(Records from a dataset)
*** Block opens ***

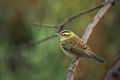 La boscarla dels joncs (Acrocephalus schoenobaenus)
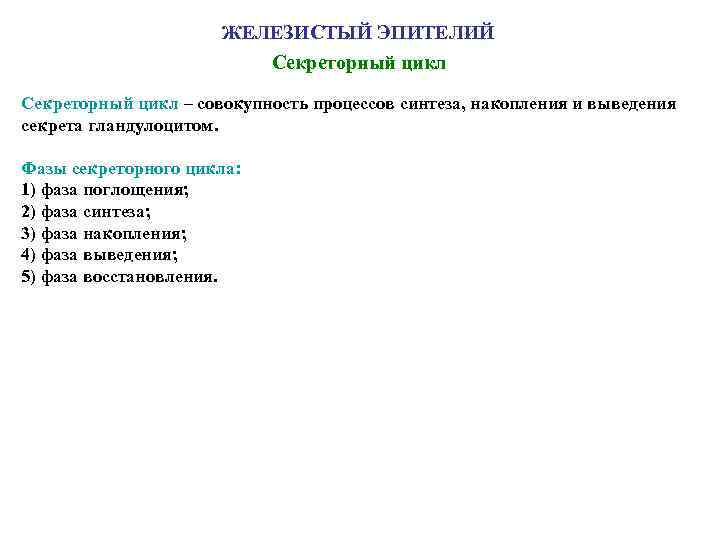 ЖЕЛЕЗИСТЫЙ ЭПИТЕЛИЙ Секреторный цикл – совокупность процессов синтеза, накопления и выведения секрета гландулоцитом. Фазы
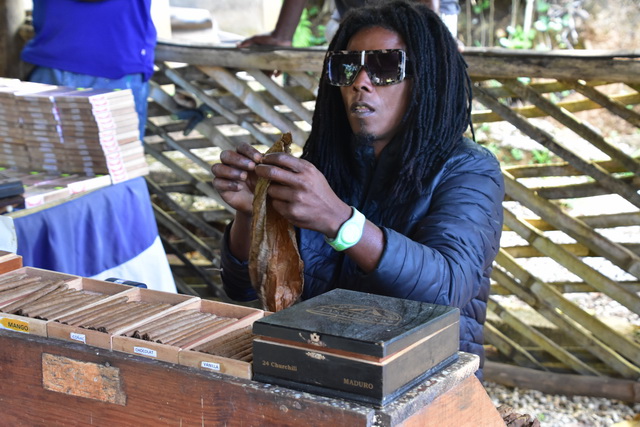 2025 04 06   DomRep   Samana 019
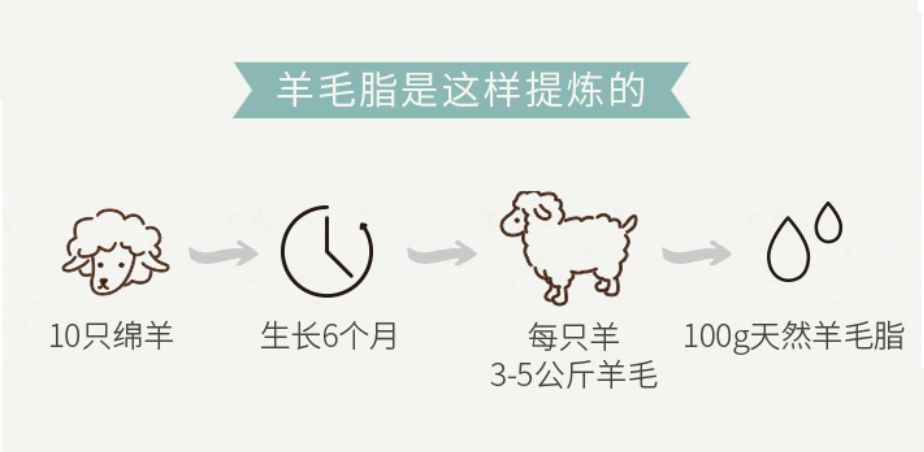 秋冬保湿必备面霜良心推荐,澳洲正品绵羊油面霜大容量200g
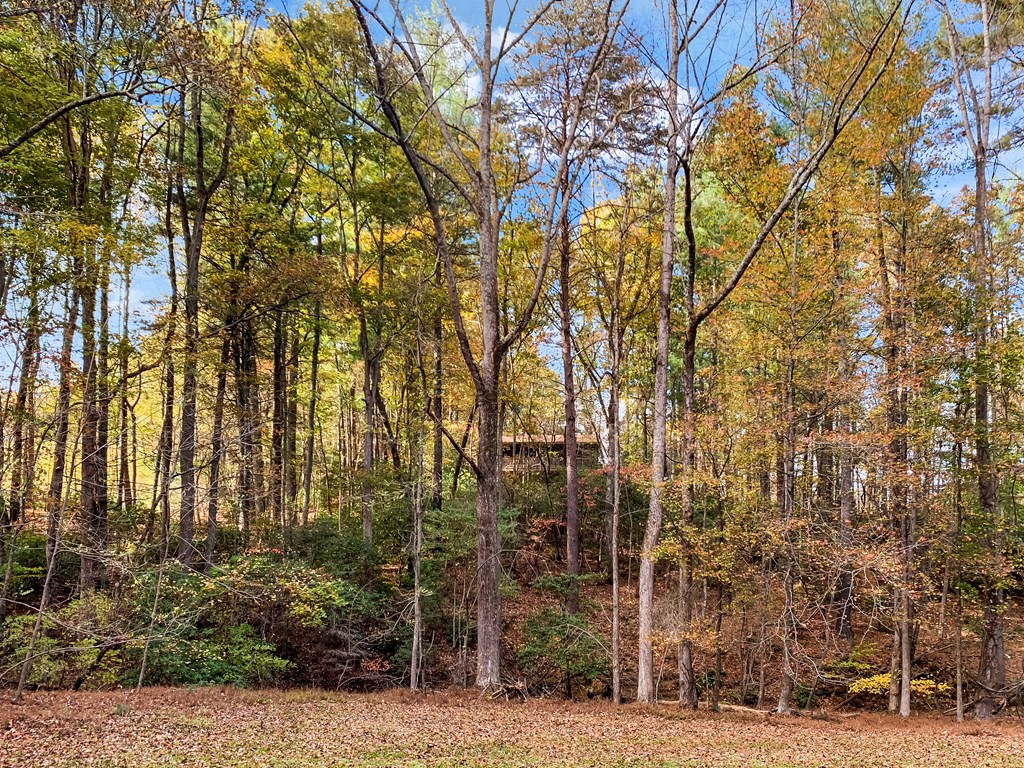 125 Waters Road Ellijay, GA 30536 - Photo 48 of 68 a view of a city street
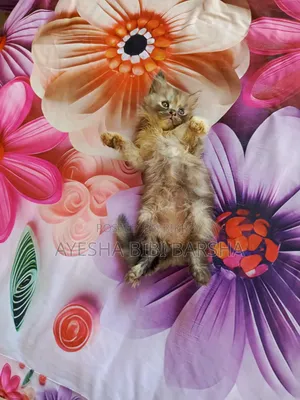 1-3 months Female Purebred Persian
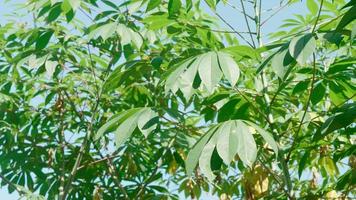 hojas verdes vibrantes de la planta vegetal de mandioca. de cerca foto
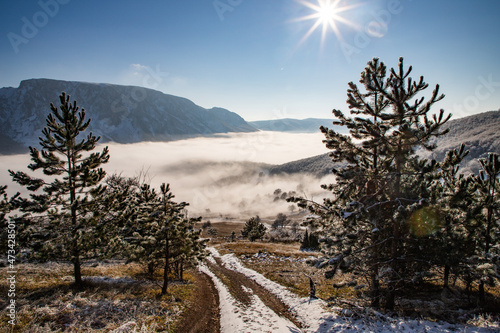 amazing winter landscape with fog and frosty trees in  Romania photo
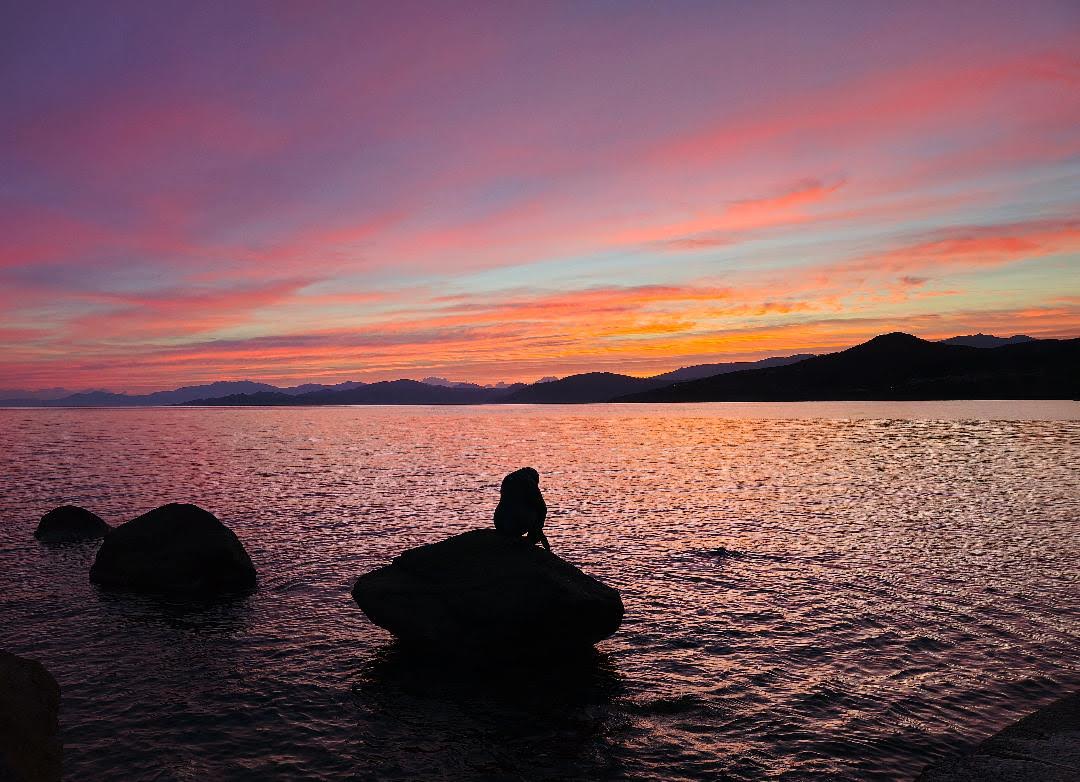 A màghjina - A donna di l’Isula aspetta l’alba nant’à u scogliu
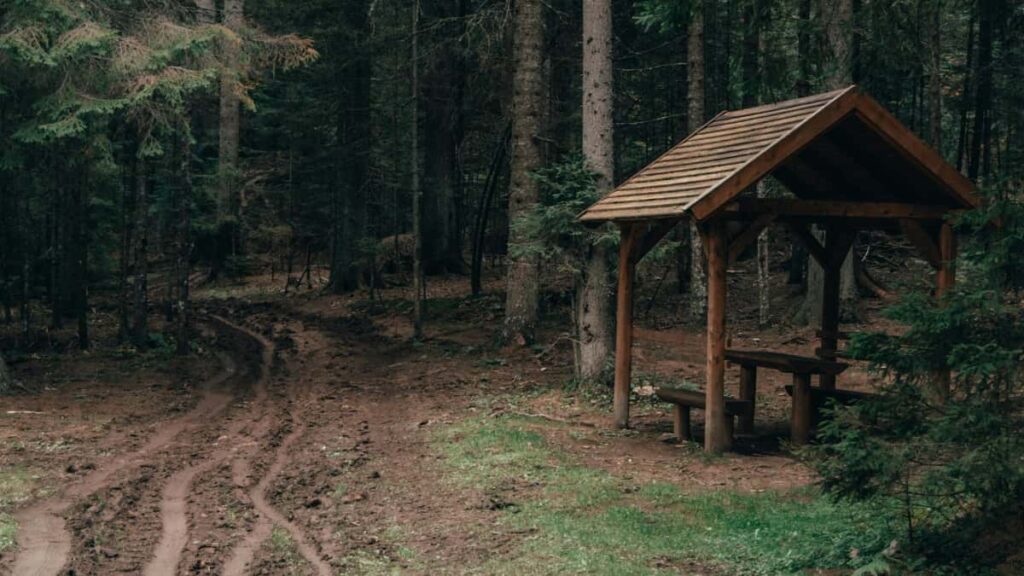 Praktische gids voor Nederlandse adverteerders: hoe je Turkse Pinterest-creators vindt en inzet voor real-life event vlogs, met slimme outreach, lokale inzichten en voorbeeldworkflows.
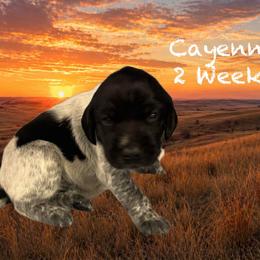 Cayenne - Black and white female German Shorthaired Pointer puppy in Columbus, Nebraska from Prancy Pawz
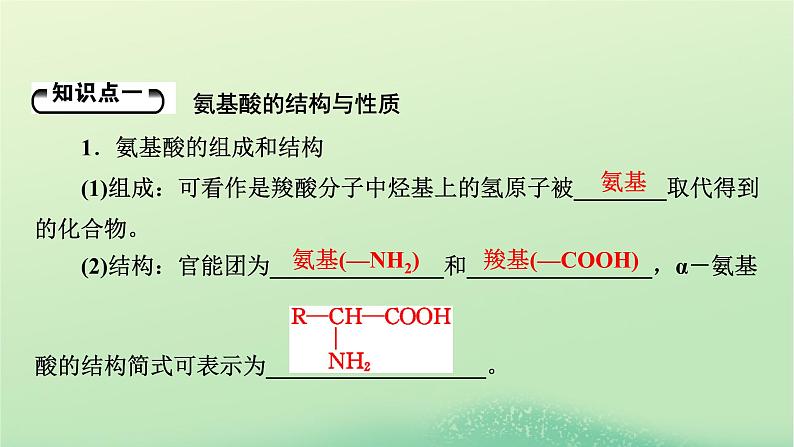 2024春高中化学第四章生物大分子第二节蛋白质课件（人教版选择性必修3）第4页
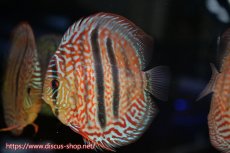画像5: 【ディスカス】【通販】【究極のワイルドクロス】ロイヤルレッドターコイズヘッケルクロス（ハイフォーム）【個体ペア販売】15cm（生体）マレーシア　KLディスカスファーム (5)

*** Block closes ***

(Try it)
Keep the pictures out of your copy, and repeat every entry above exactly.

(Final answer)
 La boscarla dels joncs (Acrocephalus schoenobaenus)
 ЖЕЛЕЗИСТЫЙ ЭПИТЕЛИЙ Секреторный цикл – совокупность процессов синтеза, накопления и выведения секрета гландулоцитом. Фазы
 2025 04 06   DomRep   Samana 019
 秋冬保湿必备面霜良心推荐,澳洲正品绵羊油面霜大容量200g
 125 Waters Road Ellijay, GA 30536 - Photo 48 of 68 a view of a city street
 1-3 months Female Purebred Persian
 hojas verdes vibrantes de la planta vegetal de mandioca. de cerca foto
 amazing winter landscape with fog and frosty trees in  Romania photo
 A màghjina - A donna di l’Isula aspetta l’alba nant’à u scogliu
 Praktische gids voor Nederlandse adverteerders: hoe je Turkse Pinterest-creators vindt en inzet voor real-life event vlogs, met slimme outreach, lokale inzichten en voorbeeldworkflows.
 Cayenne - Black and white female German Shorthaired Pointer puppy in Columbus, Nebraska from Prancy Pawz
 2024春高中化学第四章生物大分子第二节蛋白质课件（人教版选择性必修3）第4页
画像5: 【ディスカス】【通販】【究極のワイルドクロス】ロイヤルレッドターコイズヘッケルクロス（ハイフォーム）【個体ペア販売】15cm（生体）マレーシア　KLディスカスファーム (5)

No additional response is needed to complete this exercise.